My day with the One Show

Did you manage to catch the item about comping on the One Show in the middle of October? I told as many people as I could about it, but I was only given a couple of hours’ notice that it was going to be shown so some of you may have missed it. Lots of those who have seen it have asked me questions about how it was made and what it was like doing it, so I hope they are all answered here.

The clip was very short, only 4 or 5 minutes long, so you may be surprised that it took a whole day, back in early August, to film it.

The producer and a cameraman arrived at my home first thing in the morning. They were both very friendly, easy-going people so I soon relaxed and completely forgot about the camera. It was more like chatting to friends than being interviewed. They came around the house and garden with me, looking at prizes I have won over the years, they pored over my photos from prize holidays, and they filmed me at the computer working on the next issue of Grape Vine.

They collected together a huge stack of books I have won and piled them up in front of me, filming them being removed one at a time until I appeared from behind the pile. They even filmed me opening my post, just in case there was a prize among the letters. (There wasn’t.)

All this took the whole of the morning. Then we drove to the New Forest, about 50 miles away, where we were expected at a campsite (camping/comping – somebody at the BBC enjoys wordplay!). There we met up with Dominic Kennedy and one of the researchers from the programme and had a quick lunch in the campsite café. The staff and the customers were all delighted to see Dom and he was lovely with them, unlike some TV presenters I have met who become stand-offish as soon as the camera stops rolling.

After lunch, the researcher set off around the campsite to find some participants. The idea was for us to “Turn campers into compers.” However there was a flaw in the plan. It was a cold, windy day and pouring with rain. So instead of relaxing around the campsite, nearly all the campers had headed off to nearby towns to seek out shops, cinemas and other indoor entertainment. The only people she could find were a family of two adults and two children, but as the site was so quiet a few of the staff decided they were free to join in to make up the numbers.

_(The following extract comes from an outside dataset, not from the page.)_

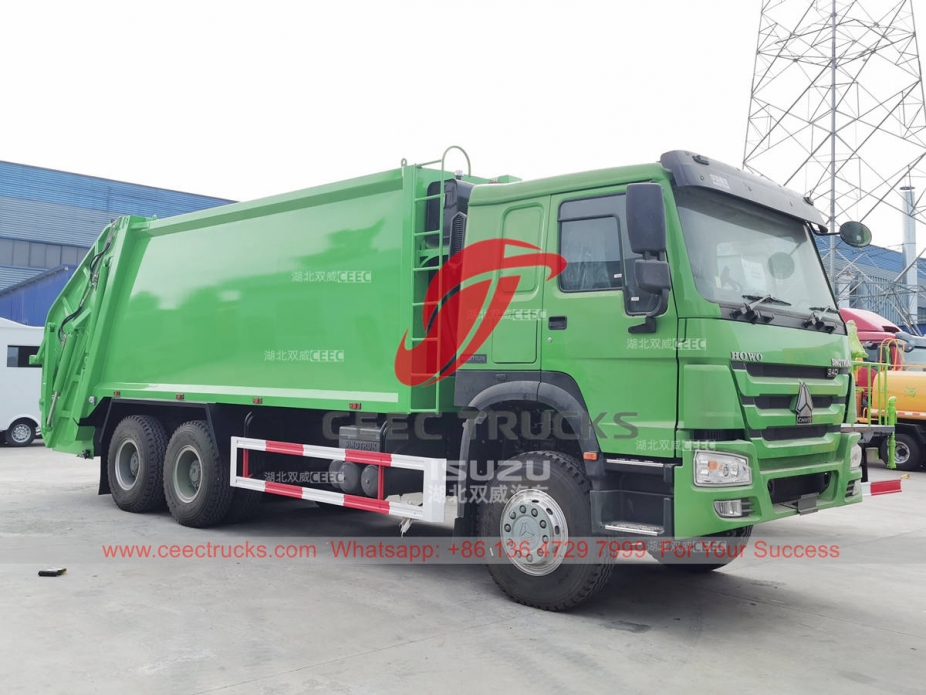 Brand new HOWO RHD 340HP 20CBM refuse compactor truck on sale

The filming was all done outside, under some VERY big umbrellas. First of all, Dom interviewed me about comping and asked for some tips for the “campers”. Then he gave them some comps to enter, in the hope that by the time the programme was aired there would be some winners. He and I were coaching the campers and giving them tips- but then the BBC called him and said they needed him to get back to London earlier than planned, so I finished the afternoon’s coaching session on my own.

Unsurprisingly, nobody won anything from the afternoon’s session – only a few competitions were attempted, all of them ones that would have had many thousands of entries. And three of the entrants were children who were too young to enter the competitions on offer. But everybody had a lot of fun and the constant supply of hot tea from the site café saved us from being made miserable by the weather.

By the time we had cleared up and driven home, the whole thing had taken 10 hours. And the producer, cameraman and researcher, as well as Dom, all had long journeys before and after. All that work for just a few minutes of television – is it any wonder the license fee is so high?

Finally to answer two questions I have been asked that didn’t really fit in with my account of the day:
• No, I wasn’t paid anything and neither were any of the participants at the campsite
• The dragonfly brooch I was wearing, which so many of you loved, was a competition prize from the daily draw on the JaneoJewels website.